Author Interview: Michael Wilson

Hannah, main character of Phantom Heart

Today’s guest is an active blogger and writer with his first novel, Phantom Hearts, currently on submission. I don’t generally invite yet-to-be published writers for interviews but Phantom Heart has such an excellent premise I just had to know more.

Please give Michael a warm welcome!

Can you tell us a bit about your novel?

Oh, but of course! Sometimes I feel like I breathe this stuff, lol.
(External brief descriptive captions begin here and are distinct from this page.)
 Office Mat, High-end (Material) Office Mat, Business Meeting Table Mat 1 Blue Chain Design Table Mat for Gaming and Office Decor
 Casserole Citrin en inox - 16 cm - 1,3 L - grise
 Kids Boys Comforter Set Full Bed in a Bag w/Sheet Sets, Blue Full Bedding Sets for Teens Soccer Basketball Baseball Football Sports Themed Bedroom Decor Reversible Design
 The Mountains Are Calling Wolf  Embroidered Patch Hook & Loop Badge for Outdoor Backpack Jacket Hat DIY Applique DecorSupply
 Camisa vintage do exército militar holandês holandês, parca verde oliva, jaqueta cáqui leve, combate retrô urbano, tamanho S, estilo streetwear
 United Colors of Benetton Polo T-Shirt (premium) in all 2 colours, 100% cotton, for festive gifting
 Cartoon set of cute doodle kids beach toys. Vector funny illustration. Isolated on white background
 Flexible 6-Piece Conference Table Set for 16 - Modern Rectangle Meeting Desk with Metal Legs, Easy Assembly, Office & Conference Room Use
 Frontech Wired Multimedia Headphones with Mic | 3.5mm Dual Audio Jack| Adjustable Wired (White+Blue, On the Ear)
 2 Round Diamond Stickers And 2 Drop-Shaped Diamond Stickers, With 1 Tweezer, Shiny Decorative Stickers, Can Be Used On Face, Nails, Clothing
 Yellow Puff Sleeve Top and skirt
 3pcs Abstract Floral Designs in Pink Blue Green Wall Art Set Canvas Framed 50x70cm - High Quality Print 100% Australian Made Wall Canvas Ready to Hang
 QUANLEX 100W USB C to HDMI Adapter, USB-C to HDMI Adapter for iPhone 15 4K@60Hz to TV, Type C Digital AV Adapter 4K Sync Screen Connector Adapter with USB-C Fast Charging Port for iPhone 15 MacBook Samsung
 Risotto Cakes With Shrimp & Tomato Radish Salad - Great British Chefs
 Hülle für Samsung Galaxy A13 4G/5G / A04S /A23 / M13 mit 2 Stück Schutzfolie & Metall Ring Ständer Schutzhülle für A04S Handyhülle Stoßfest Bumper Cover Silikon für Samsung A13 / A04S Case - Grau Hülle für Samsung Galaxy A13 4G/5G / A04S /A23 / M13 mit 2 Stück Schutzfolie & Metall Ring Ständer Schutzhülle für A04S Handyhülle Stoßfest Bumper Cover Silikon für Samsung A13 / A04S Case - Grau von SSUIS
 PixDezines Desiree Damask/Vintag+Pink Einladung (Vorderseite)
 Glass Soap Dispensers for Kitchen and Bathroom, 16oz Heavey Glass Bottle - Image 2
Phantom Hearts is a steampunk fantasy adventure set in an entirely other world. Hannah, a seventeen-year-old slave, battles her way across a continent engulfed in the first modern war in search of the outlawed magic to bring Jason, her forbidden love, back from the grave. Aided only by a brutal murderer, an unpredictable teenager addicted to Wild Magic, and a carnie who leads an underground railroad for slaves, she must wrestle with the growing weight of her own destiny — or risk losing Jason forever.


The world is not unlike a steampunk World War One, but with outlawed magic, rogue spies, steampunk carnivals, and clockwork animals. Hannah unlocks her own magical heritage, the ability — or curse — to live other’s emotions. And of course, there’s a dangerous soldier who seeks to destroy Hannah, bargaining with Ghouls to invade Hannah’s dreams and torture her nights.

I love the world you’ve built here, especially the nature of magic and how it interacts with other parts of the world. I particularly like the way you’ve made Hannah’s magic a double edged sword–it comes with more serious drawbacks than many forms of magic I’ve seen.


What part of the story came to you first?

I’m always daydreaming. I come up with the small scenes, emotional moments, or interesting bits of the world and keep them in a journal. Once I have enough of the isolated pieces, I start to ask questions: How can this lead to that? What if this were turned on its head? A plot emerges.


This particular book started with the idea of a world that was entering the modern era, but in a steampunk way. Old magic was being forgotten — even outlawed. The first scenes that made me think I have to write this book were of a young girl who’d never had any power, never done anything crazy, going all out in a desperate gamble for the one she loves. One scene in particular was a magic battle that happens on an airship. She’s flexing her “magical muscles” for the first time, and is terrible at it. She’s almost killed. Only her sheer determination helps her escape.

Your novel takes place in another world. How closely is this world based on the Victorian time period usually associated with steampunk?

Actually, my book is closer to an Edwardian (1901-1910) and First World War era. There’s a lot of almost electro-punk or eddison-punk. It’s really a world in transition, moving away from the grime and chaos of clockwork and steam and into the sterile and dangerous world of electricity and total war. It’s also all but forgotten its soul — magic. That said, there is a lot of the Victorian feel, just a tad darker.

How did you first discover the world of steampunk?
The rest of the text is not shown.